No one was keeping an actual ledger during the 1960s on how well Bell Labs was doing in planning for the next century, but had they been, they might have put electronic switching and the laser work in the column of spectacular and prescient successes. During those same years, there were other achievements at Bell Labs that would, in time, alter the world. One occurred when several computer scientists at Murray Hill got together to write a revolutionary computer operating system they called Unix, which would serve as the basis for a host of other computer languages.
25
Another breakthrough—the charge-coupled device, or CCD—was invented during work on new forms of computer memory. The CCD was a light-sensitive electronic sensor that used the varying responses of electrons to different amounts of light to create photographs and images of extraordinary detail.
26
The CCD would become the foundation of digital photography as we now know it, but Bill Baker perceived its value to national security long before its commercial potential was understood. “I took it out to the NRO immediately,” Baker would later recall, knowing that the National Reconnaissance Office, the spy satellite agency he had helped found, could use it for espionage.
27

Meanwhile, the other side of the ledger was filling up, too. The integrated
circuit of Kilby and Noyce, which built on the engineering and materials-science achievements of Bell Labs, seemed more a missed opportunity than a misstep.
28
But nobody could offer such a mitigating rationale to explain the waveguide and Picturephone, two interrelated and fabulously expensive follies.
29
It seems worth considering not only how those endeavors failed, but what those failures represented. Innovators make different kinds of mistakes. The waveguide, for instance, might be considered a mistake of perception. It was an instance where a technology of legitimate promise is eclipsed by a breakthrough elsewhere—in another corporate department, at another company, at a university, wherever—that solves a particular problem better. It was perhaps understandable, moreover, that a breakthrough in the creation of pure glass fibers wouldn’t come from an organization such as Bell Labs, where materials scientists were experts on the behaviors of metals, polymers, and semiconductor crystals. Rather, it would come from a company like Corning, with over a century of expertise in glass and ceramics.

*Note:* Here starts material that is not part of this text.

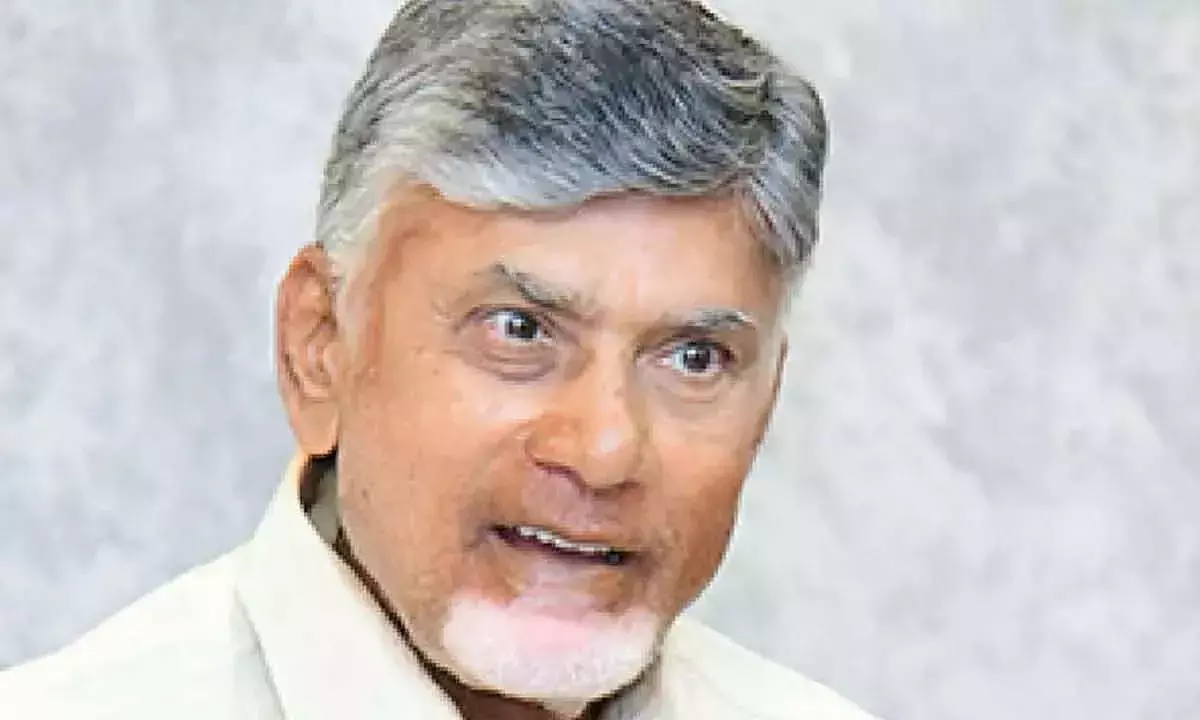 केवल उन्हीं को स्वीकार करेंगे जो अपना पद छोड़ देंगे: चंद्रबाबू Naidu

Mistakes of perception are not the same as mistakes of judgment, though. In the latter, an idea that developers think will satisfy a need or want does not. It may prove useless because of its functional shortcomings, or because it’s too expensive in relation to its modest appeal, or because it arrives in the marketplace too early or too late. Or because of all those reasons combined. The Picturephone was a mistake in judgment.

The Picturephone began on a high note of optimism. “We have now received a clear go-ahead from AT&T on the Picturephone program we proposed,” Julius Molnar, Bell Labs’ executive vice president, informed the staff in late summer of 1966.
30
The actual Picturephone technology was being upgraded and redesigned; instead of the egg-shaped futuristic device that had made a splash at the World’s Fair, Molnar told the staff, the set would be a “Model 2,” or Mod 2, as it was called at Bell Labs, a squarish device, designed by a renowned industrial designer, that was both more elegant and more functional. Molnar’s goal was to field test the device in 1968 and begin a rollout of “commercial face-to-face picturephone service” soon after.

A small exploratory marketing study of the Picturephone, comprising
ninety-nine employees from major corporations and nonprofit institutions, was compiled at the end of 1967. Meant to investigate the views of “a cross-section of business customers,” the study’s conclusions sounded no alarms. The market potential for Picturephone service appeared to be strong among the survey participants, the study concluded: “Many would be willing to pay more than $50 monthly for a Picturephone service designed to meet their needs.”
31
By the spring of 1968, there was no turning back. “The trials of Picturephone have now progressed to a point,” Bell Labs president Jim Fisk said in a speech at the time, “where any skepticism as to its interest and utility is only a replay of the skeptical response which greeted [Alexander Graham] Bell when he tried to promote the telephone over 90 years ago.”
32

O
FFICIALLY
, the Picturephone rollout began with a trial at the Westinghouse Corporation in Pittsburgh, starting in February 1969; during the summer of that year Bell Labs devoted an entire issue of its magazine, the
Bell Laboratories Record
, to explain the science and engineering of the new launch. The possible impacts of the Picturephone, Julius Molnar suggested in an introductory note, could well be seismic: By lessening the need for shopping trips or for conducting in-person business, “there will be less need for dense population centers,” as well as reduced traffic. “Picturephone is therefore much more than just another means of communication,” Molnar wrote. “It may in fact help solve many social problems.” AT&T began offering Picturephone service in Pittsburgh and Chicago at the end of 1970. Other electronics companies—RCA and GTE, for instance—readied similar technologies. If video telephones were the future, they saw no reason to let the Bell System reap all the rewards.
33

But within about twelve months, Bell executives saw that the anticipated demand for the Picturephone service was not materializing. In a speech to Bell Labs’ department heads in March 1972, Julius Molnar went through the results: “Most of you probably know that attempts to introduce it in Pittsburgh and Chicago have hardly been howling successes,” he began. “In Pittsburgh after a year and a half there are only
eight paying customers with 30 sets in service.” The monthly price in that city for Picturephone service was $160. But in Chicago, where the price was set at a cut-rate figure of $75 per month, the results were nearly as worrisome. “After a vigorous sales campaign,” Molnar acknowledged about the Chicago business, “they have 46 customers with 166 sets in service, with another 128 sets on order. Much better than in Pittsburgh, but still not quite encouraging.”
34

According to Irwin Dorros, one of the Bell Labs executives involved in the launch, the team working on the Picturephone had never doubted its eventual success. “Groupthink,” as Dorros puts it, had infiltrated the endeavor. Yet as the Picturephone’s demise became more evident, even its most ardent proponents began to ask why it was failing and why they hadn’t anticipated that outcome.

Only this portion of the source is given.